__Task data__.
++++++++++
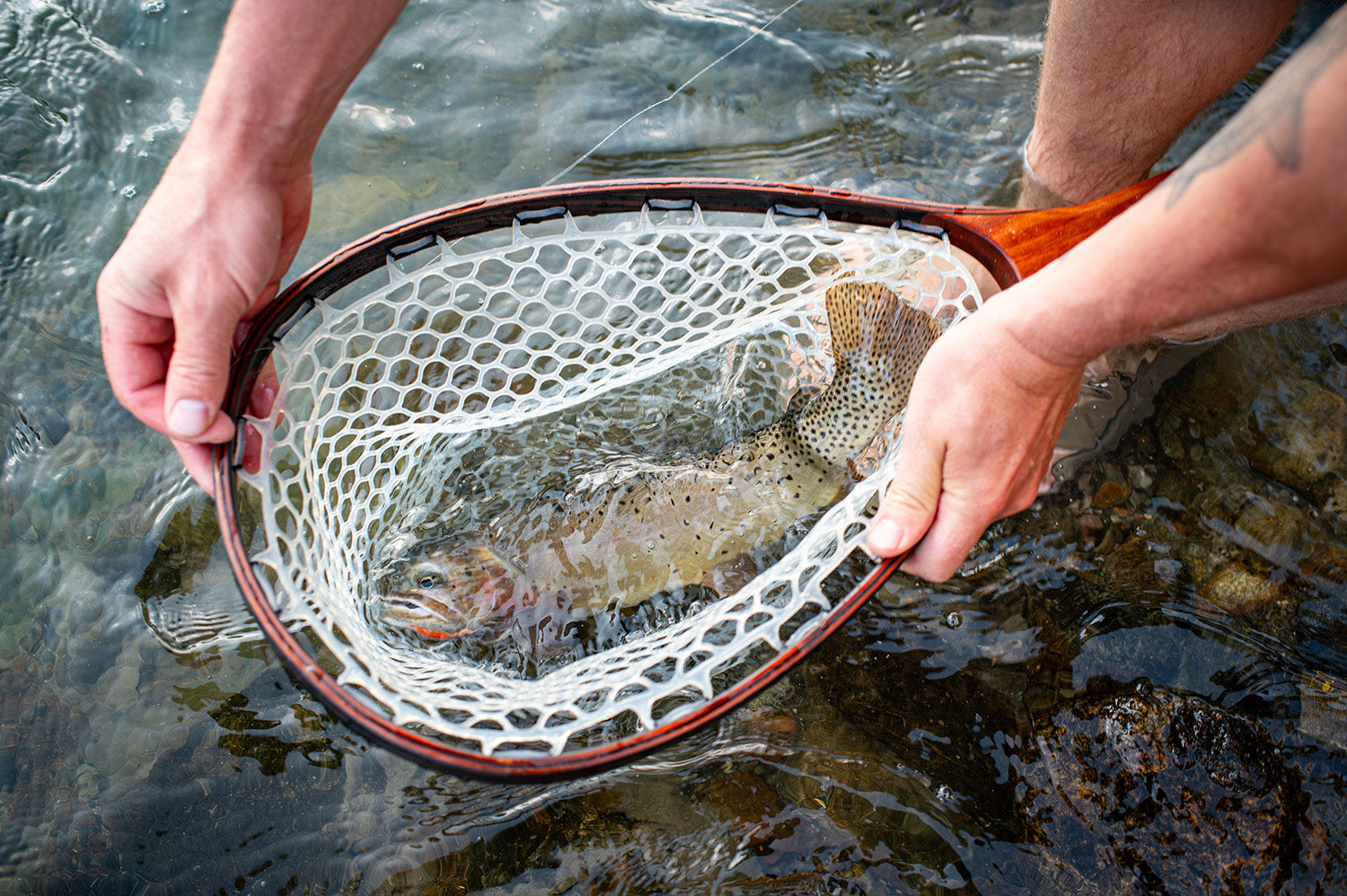yellowstone cutthroat trout yellowstone river 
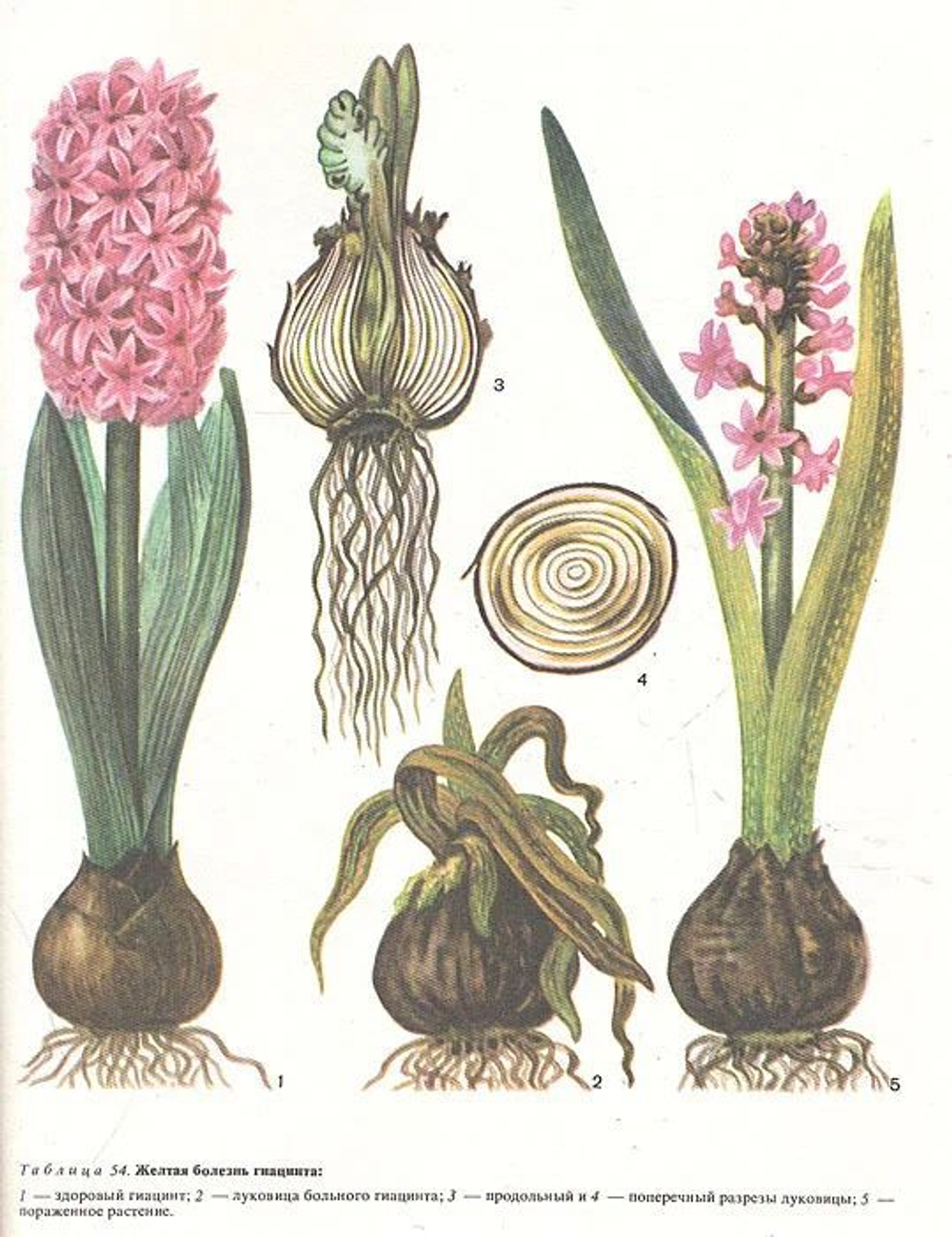 Жизнь растений. Энциклопедия в 6-ти томах (комплект из 7-ми книг)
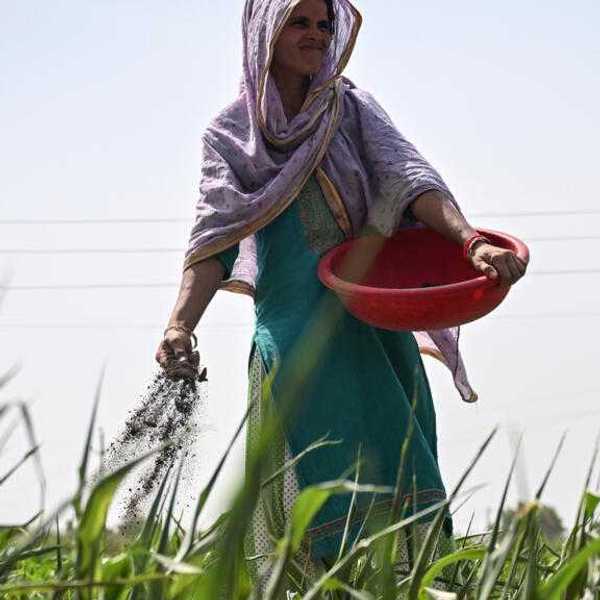 India turns to biofertilizers as Mideast war threatens fertilizer supply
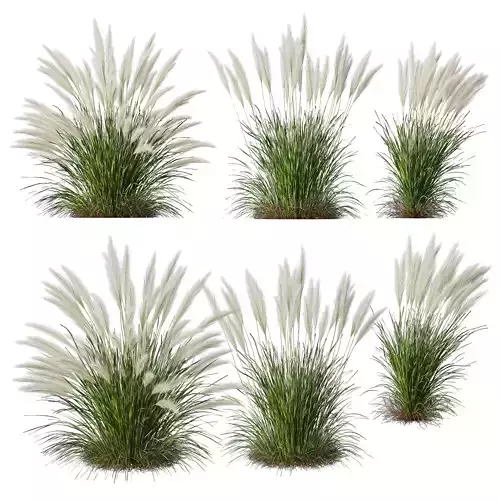 HQ Plants Nassella Tenuissima 3D model
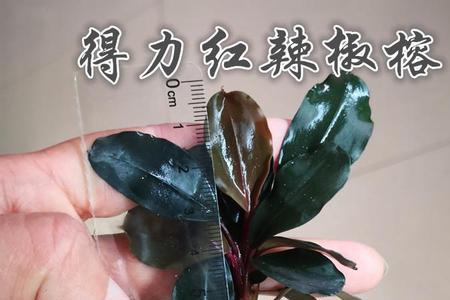 布朗尼辣椒榕和幽灵辣椒榕区别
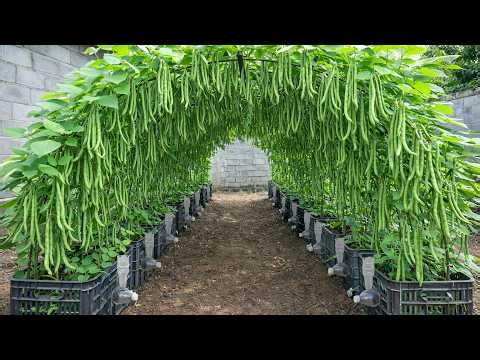 Try Growing Beans From Seed | You'll Be Surprised By The Yield, Up To 100 Times Higher.
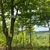 Boracza 600 m n.p.m.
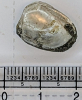 Nucula consors fossil bivalve from London Clay 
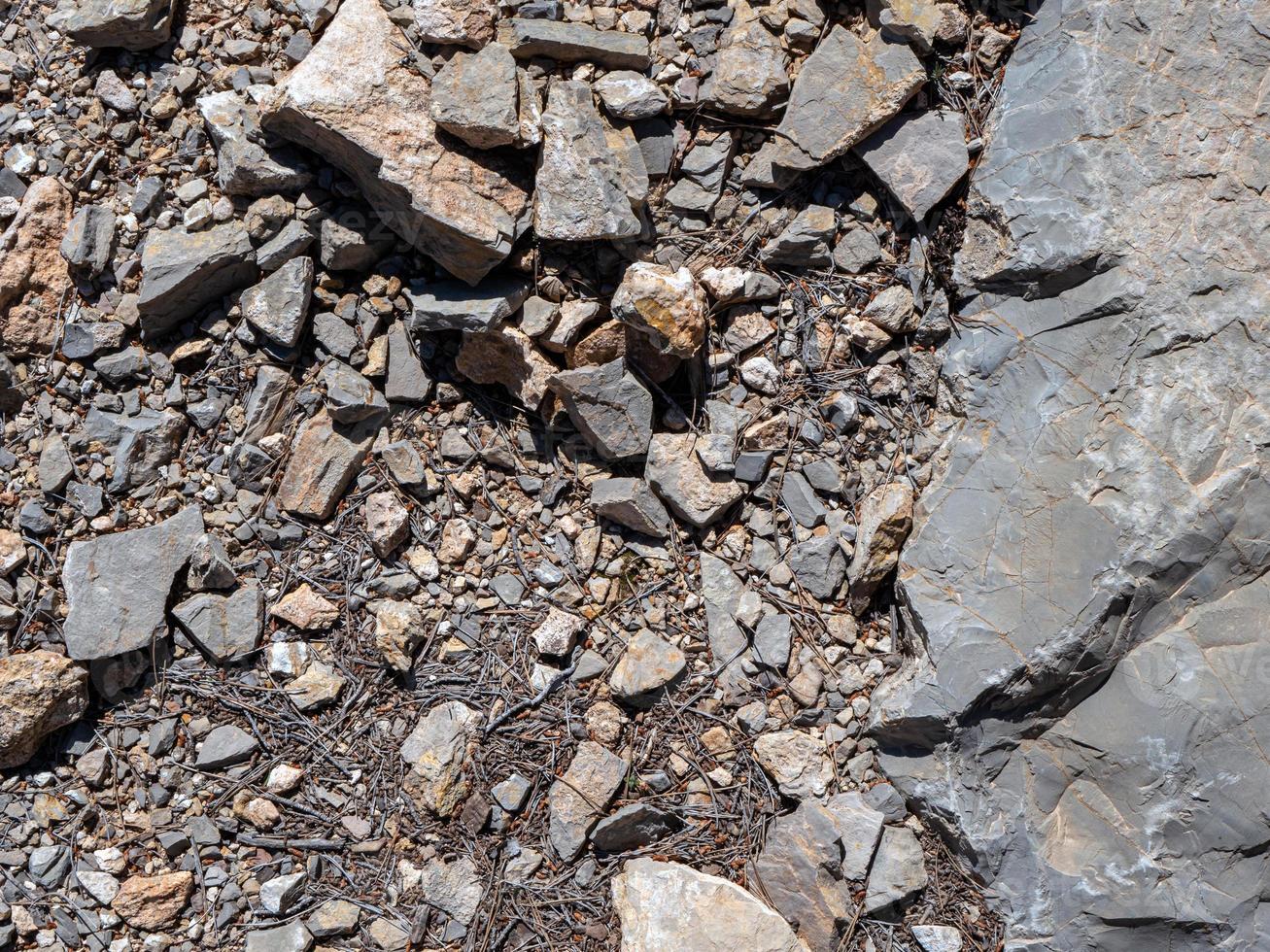 superiore tiro di terra con pino aghi e diverso rocce dire bugie in giro foto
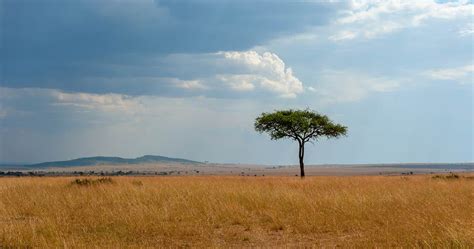 Plants & trees in Serengeti National Park - Tanzania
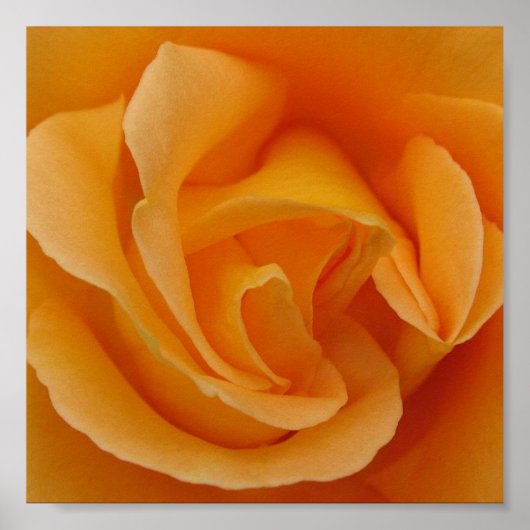 Orange Rose Poster (Vorne)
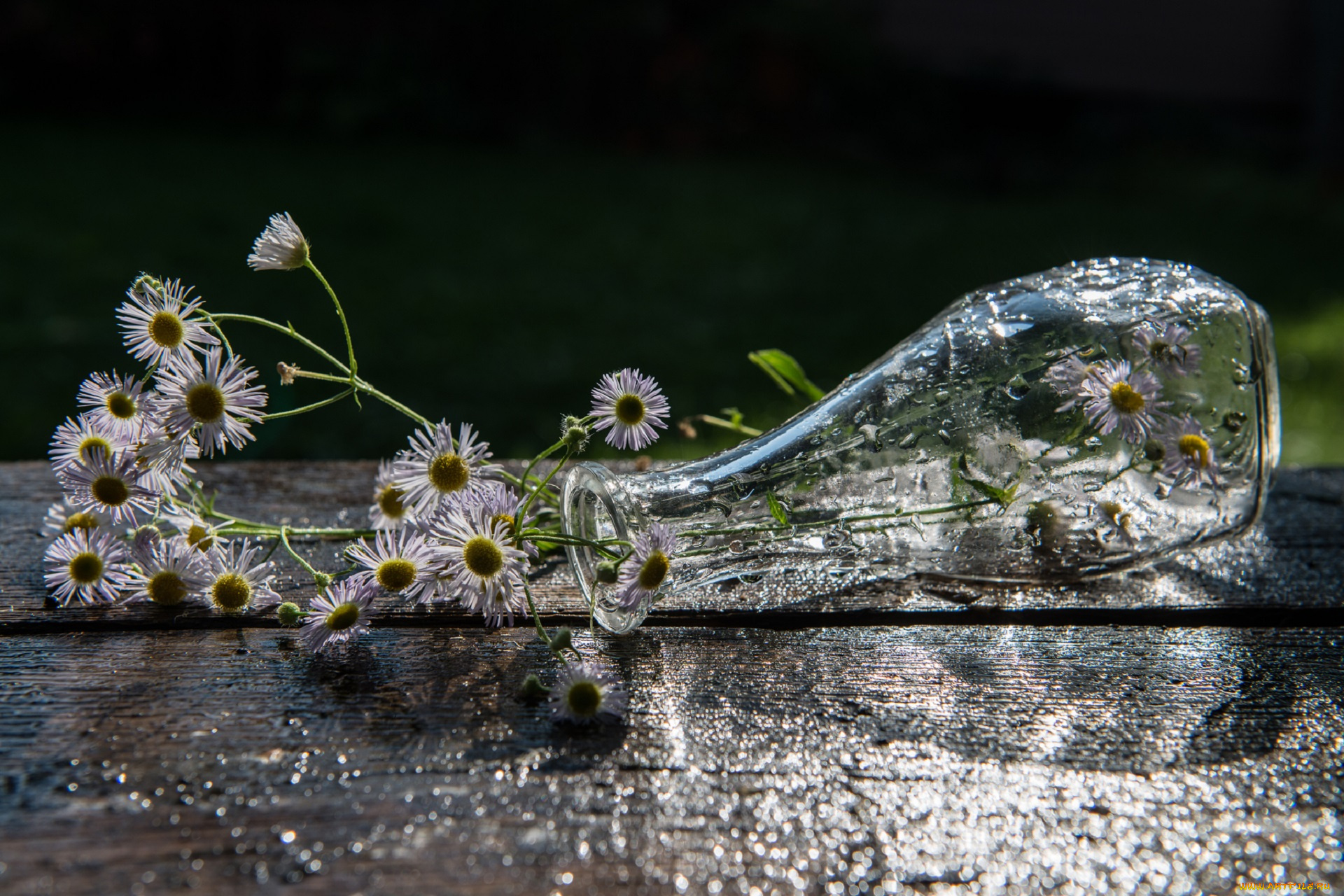 цветы, ромашки, ваза, капли
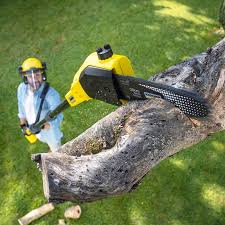 Reliable Fruitvale, CO Tree Care  Solutions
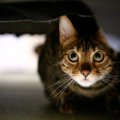 猫が『家具の中や隙間』に入ろうとする理由5選　どんな目的があるの？…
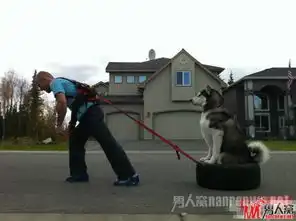 各种雷人各种尴尬的搞笑图片
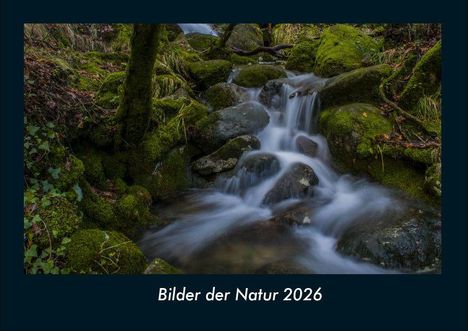 Tobias Becker: Bilder der Natur 2026 Fotokalender DIN A4, Kalender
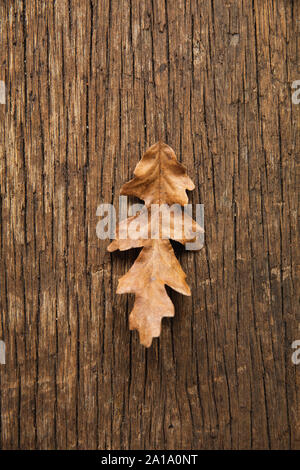 Autumn flat lay with leaves Stock Photo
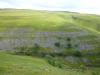 Dowber Gill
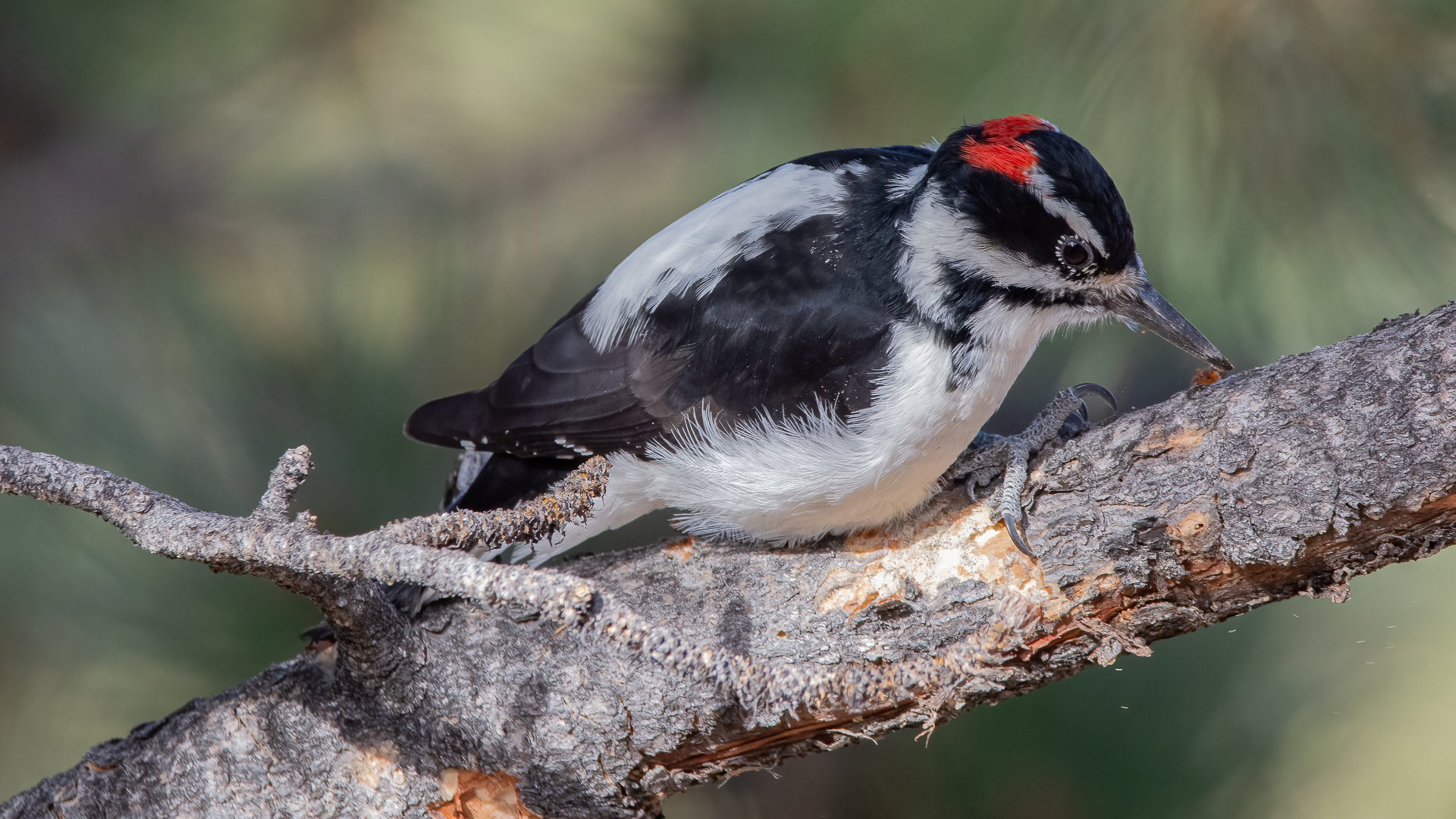 Bird Photos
++++++++++
__What is required__.
The reply should hold every record, unchanged, and no pictures.

__Answer to the exercise__.
yellowstone cutthroat trout yellowstone river 
 Жизнь растений. Энциклопедия в 6-ти томах (комплект из 7-ми книг)
 India turns to biofertilizers as Mideast war threatens fertilizer supply
 HQ Plants Nassella Tenuissima 3D model
 布朗尼辣椒榕和幽灵辣椒榕区别
 Try Growing Beans From Seed | You'll Be Surprised By The Yield, Up To 100 Times Higher.
 Boracza 600 m n.p.m.
 Nucula consors fossil bivalve from London Clay 
 superiore tiro di terra con pino aghi e diverso rocce dire bugie in giro foto
 Plants & trees in Serengeti National Park - Tanzania
 Orange Rose Poster (Vorne)
 цветы, ромашки, ваза, капли
 Reliable Fruitvale, CO Tree Care  Solutions
 猫が『家具の中や隙間』に入ろうとする理由5選　どんな目的があるの？…
 各种雷人各种尴尬的搞笑图片
 Tobias Becker: Bilder der Natur 2026 Fotokalender DIN A4, Kalender
 Autumn flat lay with leaves Stock Photo
 Dowber Gill
 Bird Photos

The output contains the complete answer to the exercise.